La christologie aux Ier et IIe siècles
Présentation de l'article proposée par la revue Contacts avec assistance LLM
Cet article d'Alain Moufarège, laïc libanais, propose une étude historique et théologique des premières élaborations christologiques dans la littérature chrétienne des deux premiers siècles. L'auteur examine successivement les Odes de Salomon, les lettres d'Ignace d'Antioche, le Pasteur d'Hermas et l'œuvre d'Irénée de Lyon, en analysant la manière dont chacun de ces témoins a tenté de verbaliser le mystère de l'incarnation. L'idée centrale est que les premiers chrétiens, proches de l'événement fondateur, ont abordé la personne du Christ avec une réserve prudente, alliant intuition poétique, confession de foi et réfutation des hérésies. L'apport de l'article est de montrer que cette christologie naissante, encore hésitante et parfois contradictoire, témoigne d'une tension féconde entre la nécessité de dire et le respect du mystère, tension qui préfigure les grandes définitions conciliaires ultérieures.

Mat. 24/26-27 : Si donc on vous dit : « le voici au désert », n'y allez pas ; « le voici dans les retraites », n'en croyez rien.
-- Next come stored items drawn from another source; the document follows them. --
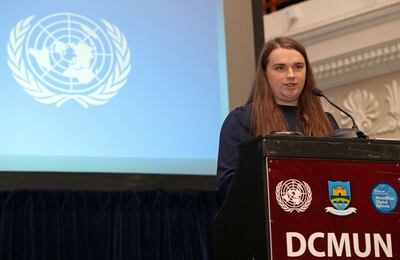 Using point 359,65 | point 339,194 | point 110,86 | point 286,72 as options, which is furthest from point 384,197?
point 359,65

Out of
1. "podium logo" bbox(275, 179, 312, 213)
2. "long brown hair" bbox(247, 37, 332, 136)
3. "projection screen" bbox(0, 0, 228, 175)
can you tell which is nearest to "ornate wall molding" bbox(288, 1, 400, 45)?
"projection screen" bbox(0, 0, 228, 175)

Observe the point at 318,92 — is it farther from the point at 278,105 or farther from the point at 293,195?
the point at 293,195

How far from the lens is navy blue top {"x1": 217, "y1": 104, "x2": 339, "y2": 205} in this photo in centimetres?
168

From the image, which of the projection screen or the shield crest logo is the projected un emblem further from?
the shield crest logo

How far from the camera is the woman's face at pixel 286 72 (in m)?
1.78

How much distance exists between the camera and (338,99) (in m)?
4.27

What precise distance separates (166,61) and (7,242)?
3.03 ft

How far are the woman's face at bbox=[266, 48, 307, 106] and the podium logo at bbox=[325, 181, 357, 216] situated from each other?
48 cm

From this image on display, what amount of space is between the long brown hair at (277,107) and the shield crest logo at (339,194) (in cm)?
43

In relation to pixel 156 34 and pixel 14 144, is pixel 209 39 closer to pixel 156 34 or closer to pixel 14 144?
pixel 156 34

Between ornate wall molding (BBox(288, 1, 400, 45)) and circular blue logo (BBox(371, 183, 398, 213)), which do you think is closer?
circular blue logo (BBox(371, 183, 398, 213))

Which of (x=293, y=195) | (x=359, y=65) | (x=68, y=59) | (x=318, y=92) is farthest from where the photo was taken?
(x=359, y=65)

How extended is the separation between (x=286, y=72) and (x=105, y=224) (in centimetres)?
124

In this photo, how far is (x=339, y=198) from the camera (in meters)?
1.34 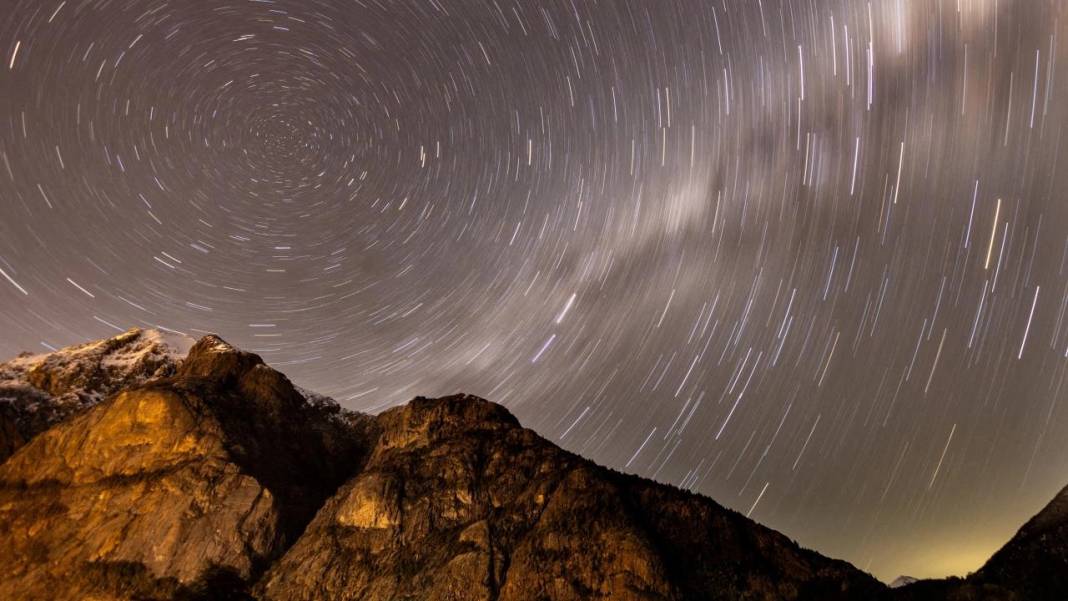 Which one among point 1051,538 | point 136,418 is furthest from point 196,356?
point 1051,538

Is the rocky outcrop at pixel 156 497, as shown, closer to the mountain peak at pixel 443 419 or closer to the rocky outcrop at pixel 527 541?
the rocky outcrop at pixel 527 541

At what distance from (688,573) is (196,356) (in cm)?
5237

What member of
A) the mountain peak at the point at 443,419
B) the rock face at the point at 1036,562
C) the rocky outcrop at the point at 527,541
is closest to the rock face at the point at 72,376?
the mountain peak at the point at 443,419

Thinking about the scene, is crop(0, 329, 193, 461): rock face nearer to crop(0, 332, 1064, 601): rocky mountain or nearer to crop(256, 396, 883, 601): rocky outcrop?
crop(0, 332, 1064, 601): rocky mountain

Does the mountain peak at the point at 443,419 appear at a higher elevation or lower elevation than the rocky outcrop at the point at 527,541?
higher

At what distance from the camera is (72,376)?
5928 centimetres

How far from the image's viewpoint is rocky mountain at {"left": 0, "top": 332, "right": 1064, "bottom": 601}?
1470 inches

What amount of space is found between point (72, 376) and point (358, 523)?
1556 inches

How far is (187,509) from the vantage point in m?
41.3

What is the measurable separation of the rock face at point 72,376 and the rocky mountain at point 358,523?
193 centimetres

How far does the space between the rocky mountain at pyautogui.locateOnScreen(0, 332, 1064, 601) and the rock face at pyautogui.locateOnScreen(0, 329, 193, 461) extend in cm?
193

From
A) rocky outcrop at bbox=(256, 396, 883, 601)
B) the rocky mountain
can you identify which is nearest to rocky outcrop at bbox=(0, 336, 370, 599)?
the rocky mountain

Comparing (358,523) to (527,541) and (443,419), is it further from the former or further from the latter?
(443,419)

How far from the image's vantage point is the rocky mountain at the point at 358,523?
3734cm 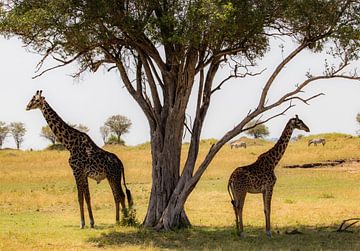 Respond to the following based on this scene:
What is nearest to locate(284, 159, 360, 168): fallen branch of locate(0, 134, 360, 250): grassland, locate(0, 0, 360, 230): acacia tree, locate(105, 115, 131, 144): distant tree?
locate(0, 134, 360, 250): grassland

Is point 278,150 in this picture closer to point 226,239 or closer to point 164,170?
point 226,239

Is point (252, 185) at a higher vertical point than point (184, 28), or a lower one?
lower

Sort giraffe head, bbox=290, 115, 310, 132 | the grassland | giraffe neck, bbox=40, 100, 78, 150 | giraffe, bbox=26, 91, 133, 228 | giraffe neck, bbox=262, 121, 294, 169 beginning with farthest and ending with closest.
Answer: giraffe neck, bbox=40, 100, 78, 150 < giraffe, bbox=26, 91, 133, 228 < giraffe head, bbox=290, 115, 310, 132 < giraffe neck, bbox=262, 121, 294, 169 < the grassland

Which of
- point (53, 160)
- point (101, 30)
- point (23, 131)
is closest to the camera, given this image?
point (101, 30)

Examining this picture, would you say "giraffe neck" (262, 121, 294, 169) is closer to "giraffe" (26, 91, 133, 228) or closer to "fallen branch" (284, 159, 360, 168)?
"giraffe" (26, 91, 133, 228)

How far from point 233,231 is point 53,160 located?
111 feet

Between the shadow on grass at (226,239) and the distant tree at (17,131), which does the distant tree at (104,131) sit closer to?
the distant tree at (17,131)

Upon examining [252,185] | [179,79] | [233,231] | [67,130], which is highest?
[179,79]

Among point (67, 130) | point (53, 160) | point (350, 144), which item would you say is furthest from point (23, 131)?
point (67, 130)

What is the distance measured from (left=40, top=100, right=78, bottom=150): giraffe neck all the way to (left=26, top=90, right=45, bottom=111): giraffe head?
13 centimetres

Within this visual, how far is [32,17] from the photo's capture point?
14.7 metres

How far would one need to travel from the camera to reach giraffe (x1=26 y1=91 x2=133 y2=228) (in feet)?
58.9

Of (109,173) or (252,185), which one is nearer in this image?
(252,185)

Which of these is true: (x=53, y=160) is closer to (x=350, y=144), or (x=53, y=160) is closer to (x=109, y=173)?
(x=350, y=144) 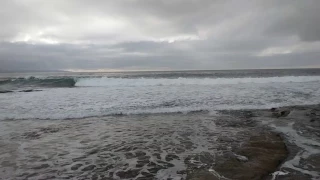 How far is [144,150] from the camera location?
6.09 metres

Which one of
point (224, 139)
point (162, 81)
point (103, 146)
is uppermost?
point (162, 81)

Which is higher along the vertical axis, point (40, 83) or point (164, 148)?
point (164, 148)

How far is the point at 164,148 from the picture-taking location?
6258mm

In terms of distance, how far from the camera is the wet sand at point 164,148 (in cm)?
466

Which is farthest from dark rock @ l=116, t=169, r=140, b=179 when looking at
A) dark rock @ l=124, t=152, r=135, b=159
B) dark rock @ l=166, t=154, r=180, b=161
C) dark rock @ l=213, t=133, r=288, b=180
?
dark rock @ l=213, t=133, r=288, b=180

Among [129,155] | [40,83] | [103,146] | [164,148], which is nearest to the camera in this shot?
[129,155]

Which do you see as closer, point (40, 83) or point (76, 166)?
point (76, 166)

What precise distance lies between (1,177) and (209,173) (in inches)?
149

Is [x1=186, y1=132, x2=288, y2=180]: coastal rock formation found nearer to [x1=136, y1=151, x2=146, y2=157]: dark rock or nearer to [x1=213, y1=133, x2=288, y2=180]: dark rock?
[x1=213, y1=133, x2=288, y2=180]: dark rock

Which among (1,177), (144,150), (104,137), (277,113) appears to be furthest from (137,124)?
(277,113)

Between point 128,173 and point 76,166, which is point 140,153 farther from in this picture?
point 76,166

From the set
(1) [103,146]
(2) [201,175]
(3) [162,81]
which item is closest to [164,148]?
(1) [103,146]

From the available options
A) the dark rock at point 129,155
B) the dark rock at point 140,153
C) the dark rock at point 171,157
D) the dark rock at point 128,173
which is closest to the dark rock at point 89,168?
the dark rock at point 128,173

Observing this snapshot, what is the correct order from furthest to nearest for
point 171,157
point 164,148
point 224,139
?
point 224,139
point 164,148
point 171,157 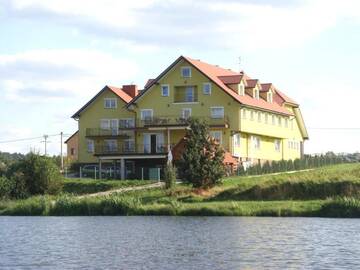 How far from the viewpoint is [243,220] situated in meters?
52.2

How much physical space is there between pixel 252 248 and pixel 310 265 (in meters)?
5.66

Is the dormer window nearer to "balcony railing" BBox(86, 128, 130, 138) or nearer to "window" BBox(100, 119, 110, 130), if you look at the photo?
"balcony railing" BBox(86, 128, 130, 138)

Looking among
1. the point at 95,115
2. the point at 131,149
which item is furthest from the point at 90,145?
the point at 131,149

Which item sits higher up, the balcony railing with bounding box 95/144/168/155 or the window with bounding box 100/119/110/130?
the window with bounding box 100/119/110/130

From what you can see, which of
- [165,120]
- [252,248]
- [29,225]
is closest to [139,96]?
[165,120]

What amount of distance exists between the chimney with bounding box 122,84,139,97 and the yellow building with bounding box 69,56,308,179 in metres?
0.18

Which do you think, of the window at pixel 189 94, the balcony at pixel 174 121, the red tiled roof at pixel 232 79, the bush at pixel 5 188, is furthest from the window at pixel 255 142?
the bush at pixel 5 188

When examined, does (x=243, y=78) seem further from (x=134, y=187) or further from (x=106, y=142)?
(x=134, y=187)

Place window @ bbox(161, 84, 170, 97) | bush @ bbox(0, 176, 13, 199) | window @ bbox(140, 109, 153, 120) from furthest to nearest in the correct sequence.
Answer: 1. window @ bbox(140, 109, 153, 120)
2. window @ bbox(161, 84, 170, 97)
3. bush @ bbox(0, 176, 13, 199)

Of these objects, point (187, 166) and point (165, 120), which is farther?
point (165, 120)

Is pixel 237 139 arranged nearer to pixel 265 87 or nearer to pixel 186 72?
pixel 186 72

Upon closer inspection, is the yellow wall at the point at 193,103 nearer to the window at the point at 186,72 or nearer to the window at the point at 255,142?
the window at the point at 186,72

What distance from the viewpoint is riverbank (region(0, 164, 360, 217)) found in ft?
182

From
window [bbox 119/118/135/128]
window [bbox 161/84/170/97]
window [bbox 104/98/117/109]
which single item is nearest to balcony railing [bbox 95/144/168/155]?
window [bbox 119/118/135/128] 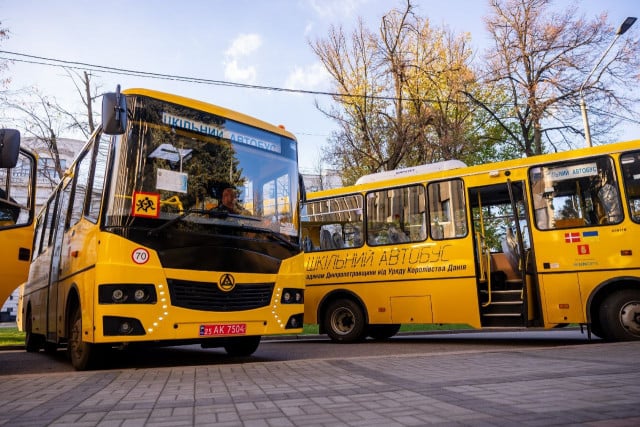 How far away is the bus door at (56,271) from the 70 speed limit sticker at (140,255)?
2286 millimetres

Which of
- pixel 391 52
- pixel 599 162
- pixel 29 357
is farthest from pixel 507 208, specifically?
pixel 391 52

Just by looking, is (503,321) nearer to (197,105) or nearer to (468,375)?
(468,375)

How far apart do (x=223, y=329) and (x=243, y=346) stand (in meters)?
1.77

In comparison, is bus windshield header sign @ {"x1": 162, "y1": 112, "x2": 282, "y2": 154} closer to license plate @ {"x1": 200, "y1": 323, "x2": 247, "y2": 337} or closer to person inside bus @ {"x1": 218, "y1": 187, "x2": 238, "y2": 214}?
person inside bus @ {"x1": 218, "y1": 187, "x2": 238, "y2": 214}

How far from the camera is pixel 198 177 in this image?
273 inches

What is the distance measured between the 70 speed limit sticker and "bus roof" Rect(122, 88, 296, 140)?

Comme l'éclair, en effet, part du levant et brille jusqu'au couchant, ainsi en sera-t-il de l'avènement du Fils de l'homme.

Mat. 27/51-54 : Et voilà que le voile du Sanctuaire se déchira en deux, du haut en bas ; la terre trembla, les rochers se fendirent, les tombeaux s'ouvrirent et de nombreux corps de saints trépassés ressuscitèrent : ils sortirent des tombeaux après sa résurrection, entrèrent dans la Ville sainte et se firent voir à bien des gens. Quant au centurion et aux hommes qui avec lui gardaient Jésus, à la vue du séisme et de ce qui se passait, ils furent saisis d'une grande frayeur et dirent : « Vraiment celui-ci était fils de Dieu ».